▶ [REQUIRED WORK]
Only the lines from the start of the entries through the line with "Columbia - Geaca" are wanted; please output them exactly.

▽

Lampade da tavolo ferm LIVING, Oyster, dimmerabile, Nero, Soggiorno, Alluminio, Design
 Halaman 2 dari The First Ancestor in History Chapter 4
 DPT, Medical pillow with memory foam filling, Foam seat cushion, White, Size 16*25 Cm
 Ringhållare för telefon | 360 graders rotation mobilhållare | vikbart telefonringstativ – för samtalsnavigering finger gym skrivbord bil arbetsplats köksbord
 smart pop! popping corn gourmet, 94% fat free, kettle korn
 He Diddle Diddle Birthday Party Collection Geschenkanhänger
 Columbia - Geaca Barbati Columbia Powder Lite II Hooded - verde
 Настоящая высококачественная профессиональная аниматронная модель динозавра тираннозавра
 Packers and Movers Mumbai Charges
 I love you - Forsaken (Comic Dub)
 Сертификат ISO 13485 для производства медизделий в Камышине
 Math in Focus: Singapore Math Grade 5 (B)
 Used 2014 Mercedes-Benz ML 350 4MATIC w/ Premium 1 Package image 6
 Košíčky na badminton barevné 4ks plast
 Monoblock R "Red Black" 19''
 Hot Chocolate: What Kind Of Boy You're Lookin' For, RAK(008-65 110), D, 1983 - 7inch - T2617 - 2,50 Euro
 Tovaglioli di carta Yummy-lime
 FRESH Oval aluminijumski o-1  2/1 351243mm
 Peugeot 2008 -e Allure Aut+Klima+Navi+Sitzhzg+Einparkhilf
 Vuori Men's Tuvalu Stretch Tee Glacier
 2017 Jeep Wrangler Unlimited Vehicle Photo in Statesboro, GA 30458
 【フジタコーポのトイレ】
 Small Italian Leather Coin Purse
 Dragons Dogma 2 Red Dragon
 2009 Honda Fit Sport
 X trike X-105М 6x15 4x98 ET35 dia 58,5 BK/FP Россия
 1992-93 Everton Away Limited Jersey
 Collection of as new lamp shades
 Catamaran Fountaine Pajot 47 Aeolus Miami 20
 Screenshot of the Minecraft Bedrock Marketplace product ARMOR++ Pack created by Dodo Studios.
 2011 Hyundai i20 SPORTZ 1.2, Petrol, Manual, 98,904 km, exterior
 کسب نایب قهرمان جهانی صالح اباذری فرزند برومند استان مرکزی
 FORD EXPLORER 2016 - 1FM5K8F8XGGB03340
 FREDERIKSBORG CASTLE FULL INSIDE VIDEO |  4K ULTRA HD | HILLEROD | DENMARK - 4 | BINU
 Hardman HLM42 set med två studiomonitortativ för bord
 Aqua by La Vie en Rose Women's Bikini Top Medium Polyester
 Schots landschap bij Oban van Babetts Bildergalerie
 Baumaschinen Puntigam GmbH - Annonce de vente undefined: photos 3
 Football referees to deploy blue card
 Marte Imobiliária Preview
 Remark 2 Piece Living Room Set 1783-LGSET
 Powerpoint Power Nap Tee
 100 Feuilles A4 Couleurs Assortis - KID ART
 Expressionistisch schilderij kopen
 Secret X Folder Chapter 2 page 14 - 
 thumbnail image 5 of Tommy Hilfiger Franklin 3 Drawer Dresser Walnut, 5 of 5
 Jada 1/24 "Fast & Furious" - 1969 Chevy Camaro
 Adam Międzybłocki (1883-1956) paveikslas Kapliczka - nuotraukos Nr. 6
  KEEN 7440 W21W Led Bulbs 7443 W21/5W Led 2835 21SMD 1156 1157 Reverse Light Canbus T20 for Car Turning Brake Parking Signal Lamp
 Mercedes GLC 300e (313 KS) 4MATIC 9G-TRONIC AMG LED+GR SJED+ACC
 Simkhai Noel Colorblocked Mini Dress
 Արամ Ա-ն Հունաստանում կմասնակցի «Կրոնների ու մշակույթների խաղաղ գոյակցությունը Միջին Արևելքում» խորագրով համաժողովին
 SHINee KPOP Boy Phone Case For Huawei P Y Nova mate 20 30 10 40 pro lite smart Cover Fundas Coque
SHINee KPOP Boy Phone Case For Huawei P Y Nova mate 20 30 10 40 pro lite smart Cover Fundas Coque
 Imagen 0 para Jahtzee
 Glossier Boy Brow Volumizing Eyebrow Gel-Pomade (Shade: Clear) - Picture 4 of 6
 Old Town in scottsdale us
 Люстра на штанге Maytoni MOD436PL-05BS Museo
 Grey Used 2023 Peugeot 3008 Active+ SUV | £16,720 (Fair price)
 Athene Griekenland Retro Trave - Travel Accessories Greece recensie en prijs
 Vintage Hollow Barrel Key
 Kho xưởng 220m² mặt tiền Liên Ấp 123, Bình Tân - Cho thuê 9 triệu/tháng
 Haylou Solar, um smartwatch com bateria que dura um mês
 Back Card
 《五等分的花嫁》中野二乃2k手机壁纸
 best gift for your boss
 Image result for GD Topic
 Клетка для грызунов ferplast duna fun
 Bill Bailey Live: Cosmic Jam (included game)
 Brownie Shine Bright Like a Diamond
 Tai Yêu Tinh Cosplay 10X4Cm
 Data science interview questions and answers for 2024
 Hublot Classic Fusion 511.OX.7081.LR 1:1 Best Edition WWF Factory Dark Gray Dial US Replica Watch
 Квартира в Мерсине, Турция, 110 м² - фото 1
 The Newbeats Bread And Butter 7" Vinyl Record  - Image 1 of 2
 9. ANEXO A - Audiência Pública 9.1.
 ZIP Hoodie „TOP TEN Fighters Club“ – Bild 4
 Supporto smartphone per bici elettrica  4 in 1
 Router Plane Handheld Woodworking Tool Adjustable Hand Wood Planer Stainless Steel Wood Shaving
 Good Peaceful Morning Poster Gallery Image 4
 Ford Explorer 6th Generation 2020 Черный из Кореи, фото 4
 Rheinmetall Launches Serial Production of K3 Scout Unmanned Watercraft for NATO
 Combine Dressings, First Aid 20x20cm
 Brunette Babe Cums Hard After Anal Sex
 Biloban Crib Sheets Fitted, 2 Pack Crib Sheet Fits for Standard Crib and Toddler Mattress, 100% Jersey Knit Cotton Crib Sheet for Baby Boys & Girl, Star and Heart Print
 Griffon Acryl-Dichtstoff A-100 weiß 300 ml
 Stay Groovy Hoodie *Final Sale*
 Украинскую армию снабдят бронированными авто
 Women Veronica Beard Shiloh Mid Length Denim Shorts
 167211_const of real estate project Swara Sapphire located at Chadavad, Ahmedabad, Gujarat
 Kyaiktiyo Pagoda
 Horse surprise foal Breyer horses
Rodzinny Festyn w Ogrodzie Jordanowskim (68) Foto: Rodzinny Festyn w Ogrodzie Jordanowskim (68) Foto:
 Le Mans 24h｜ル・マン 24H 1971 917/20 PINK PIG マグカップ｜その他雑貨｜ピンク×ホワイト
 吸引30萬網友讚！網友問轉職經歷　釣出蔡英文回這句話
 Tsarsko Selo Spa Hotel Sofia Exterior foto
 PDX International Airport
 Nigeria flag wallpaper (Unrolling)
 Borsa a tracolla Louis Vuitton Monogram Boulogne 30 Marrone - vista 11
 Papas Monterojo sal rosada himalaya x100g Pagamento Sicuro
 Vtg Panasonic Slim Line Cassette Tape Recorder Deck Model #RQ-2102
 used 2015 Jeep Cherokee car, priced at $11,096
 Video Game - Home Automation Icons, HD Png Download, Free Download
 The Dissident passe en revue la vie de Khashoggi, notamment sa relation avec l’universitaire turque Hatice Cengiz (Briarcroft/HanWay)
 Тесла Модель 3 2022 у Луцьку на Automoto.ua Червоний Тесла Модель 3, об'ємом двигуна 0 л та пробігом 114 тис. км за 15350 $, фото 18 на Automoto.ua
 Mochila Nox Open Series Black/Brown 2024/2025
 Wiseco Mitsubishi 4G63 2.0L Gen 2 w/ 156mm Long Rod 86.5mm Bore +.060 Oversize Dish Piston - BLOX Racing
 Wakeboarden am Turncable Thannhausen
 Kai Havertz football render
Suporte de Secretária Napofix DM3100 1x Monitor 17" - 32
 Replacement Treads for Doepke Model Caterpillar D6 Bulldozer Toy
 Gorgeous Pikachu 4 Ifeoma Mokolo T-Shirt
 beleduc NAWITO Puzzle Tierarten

△

▶ [RESPONSE]
Lampade da tavolo ferm LIVING, Oyster, dimmerabile, Nero, Soggiorno, Alluminio, Design
 Halaman 2 dari The First Ancestor in History Chapter 4
 DPT, Medical pillow with memory foam filling, Foam seat cushion, White, Size 16*25 Cm
 Ringhållare för telefon | 360 graders rotation mobilhållare | vikbart telefonringstativ – för samtalsnavigering finger gym skrivbord bil arbetsplats köksbord
 smart pop! popping corn gourmet, 94% fat free, kettle korn
 He Diddle Diddle Birthday Party Collection Geschenkanhänger
 Columbia - Geaca Barbati Columbia Powder Lite II Hooded - verde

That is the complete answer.